I would like to suggest that he should break a new ground and give good wishes to all citizens for a very happy Independence Day in his 'Man Ki Baat' and then follow the golden rule and be silent and give people the liberty to enjoy as they wish.

It is high time the politicians of all parties discontinue several national and regional functions, which have lost novelty and have turned into a boring routine.

It is not that the Independence Day has lost its glory and importance, but the usual mundane discourses of the incumbent prime ministers at the Red Fort and the chief ministers at the state level do not inspire anything but sleep. 

It was understandable in the initial post-independence years, when Prime minister's Independence Day address was awaited and welcomed. But if Pandit Nehru himself had stopped that custom after, say, a decade, it would have been hailed by the people.

Independence Day follows after the budget session of the parliament. The government gets ample scope to explain its policies and programmes to the people. Therefore, it is not imperative to continue to have a special function at the Red Fort.

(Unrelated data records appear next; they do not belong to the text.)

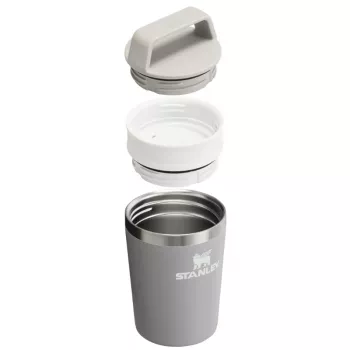 Caneca de viagem térmica STANLEY 1913 Café-To-Go 0,23 L Ash Grey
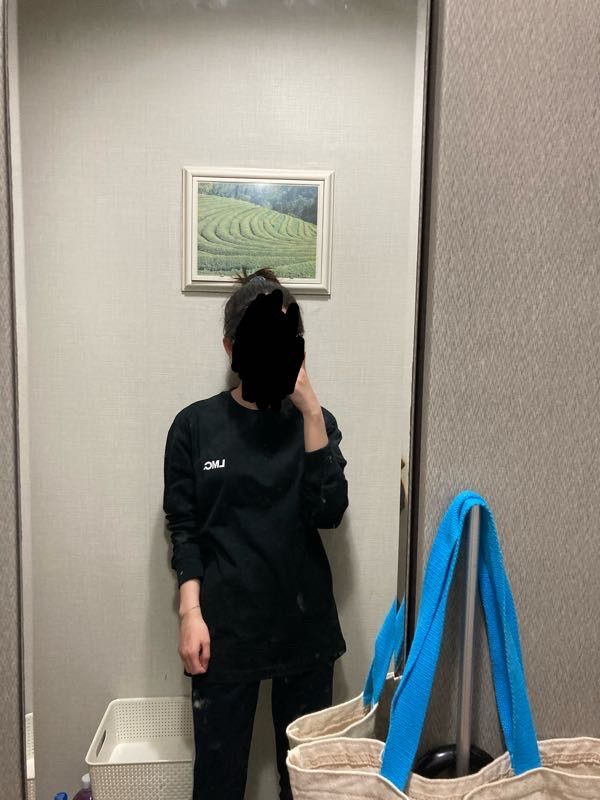 MUSINSA | LMC LMC OG COMBO LONG SLV TEE charcoal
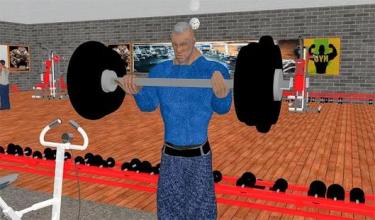 Virtual Gym Fitness Club:Body Builders Simulator截图2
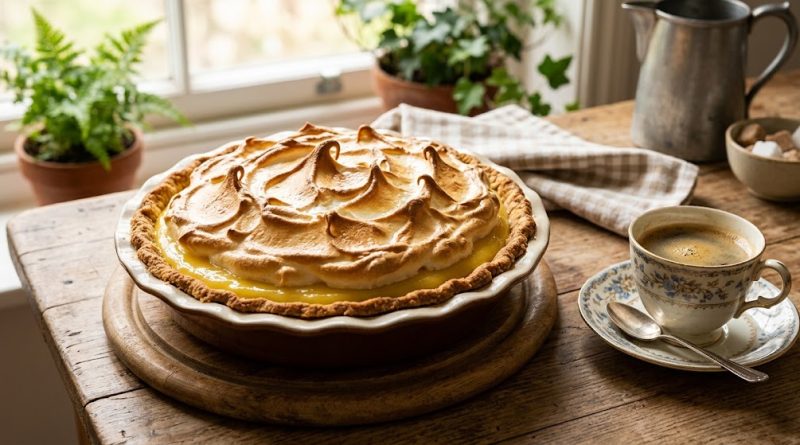 Sütőben Sült Citromos Pite (Lemon Pie) – A Világ Legfinomabb Verziója!
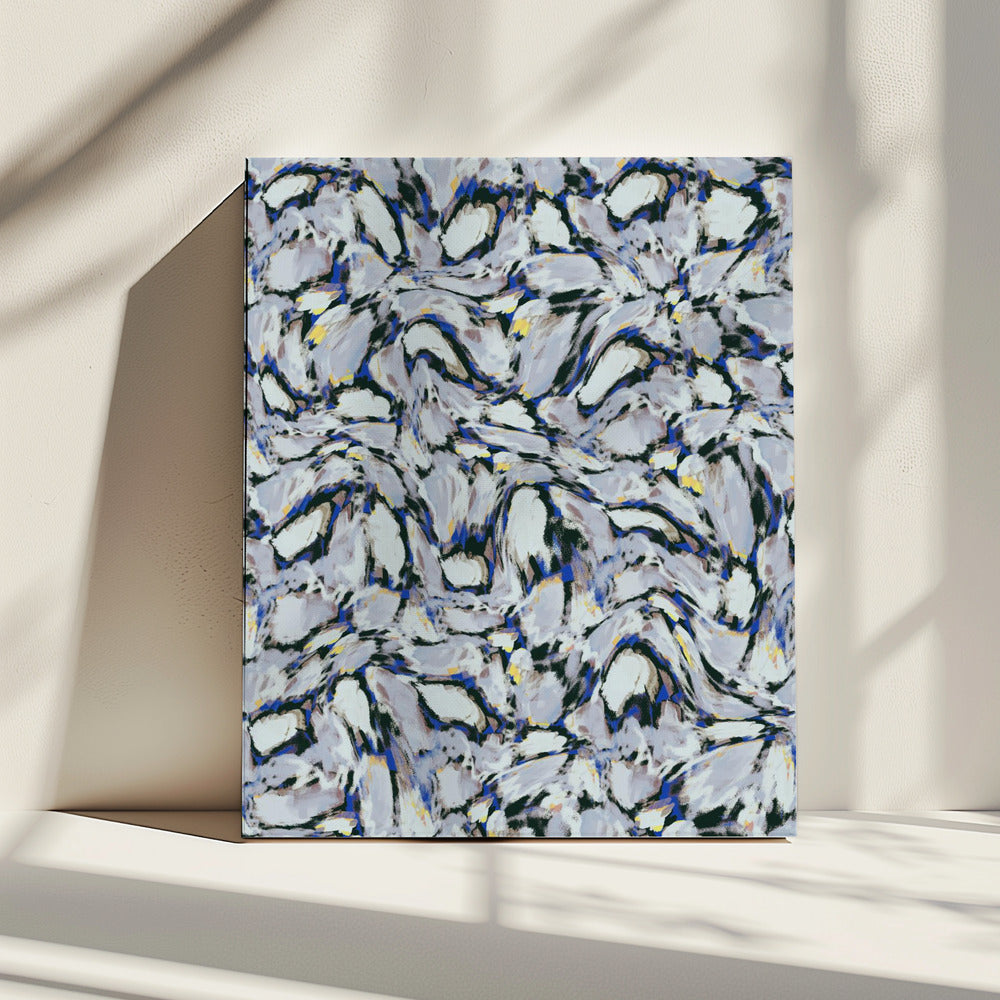 Wervelende fluisteringen | Canvas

Until recently, the means of communication in India were limited. But with the proliferation of internet, television, mobile phones and social networking for over a decade, we are now overwhelmed by too much communication; and there must be several people like me who have to try hard to avoid the onslaught.

Mr. Modi or anybody in his place would, as usual, give a laundry list of achievements, followed by another list of programmes for the coming year.

People take all this with skepticism and are rarely enthused. TV cameras reveal how the audiences at the Red Fort and different places all over the country look bored and indifferent.

Moreover, the speakers love their own voices; and specially in India, they assume that others' time has no value. So at such functions they merrily go on speaking for a long time.

Prime Ministers and Chief Ministers care less for the torture suffered by the audience in the sultry weather in Delhi and most parts of the country. Several in the audience, who are compelled to attend, might be praying for heavy showers.

It is not that we alone have such national functions. France celebrates July 14 as a national day. People eagerly watch the military parade and also enjoy concerts.

China's National day is marked by parade, concerts, flowerbed festival and colourful fireworks. 

Most of the East European countries freed from the Soviet Union's grip have their national days, but nowhere do the speeches take as much time as ours.

Russia's November 7 function is well-known. Though it is on the day of Revolution, it did not begin immediately after the Revolution.

When the Nazi Germany invaded Russia, Stalin ordered a parade in the red square in Moscow. He decided this, when the Germans were closing in on Moscow. The idea was to demonstrate the defiant, courageous, nationalist spirit and pride of the Russian people and boost the morale. It was feared that the top leadership would fall an easy prey to Luftwaffe strikes. But Stalin did not waver. Thus, the parade in the Red Square has a history. But lengthy speeches had no place in the programme.

In UK there are national functions. The discipline and order are remarkable. Even if the Queen is the scheduled speaker, she takes very few minutes.

In the US, July 4 is celebrated as the Independence Day. But in Washington or in the capital cities of the states and other places the whole function is managed by the citizens and their groups. In the evening there is a concert in some public park, open to everybody; the national anthem is sung, followed by a programme of entertainment by some well-known singers and musicians. The US President or the governors of the state do not appear on the stage. Sometimes they send their good wishes, but nothing more. Fireworks at the end of the function are worth watching. 

Our leaders of all parties are eager to give messages not only to our people but to the whole world. They believe that we are endowed with spiritual wealth. So they go on preaching the world.

It would be hailed, if Mr. Modi ushers in the celebration of the Independence Day in a totally new way, letting people enjoy on their own with eloquent silence from politicians.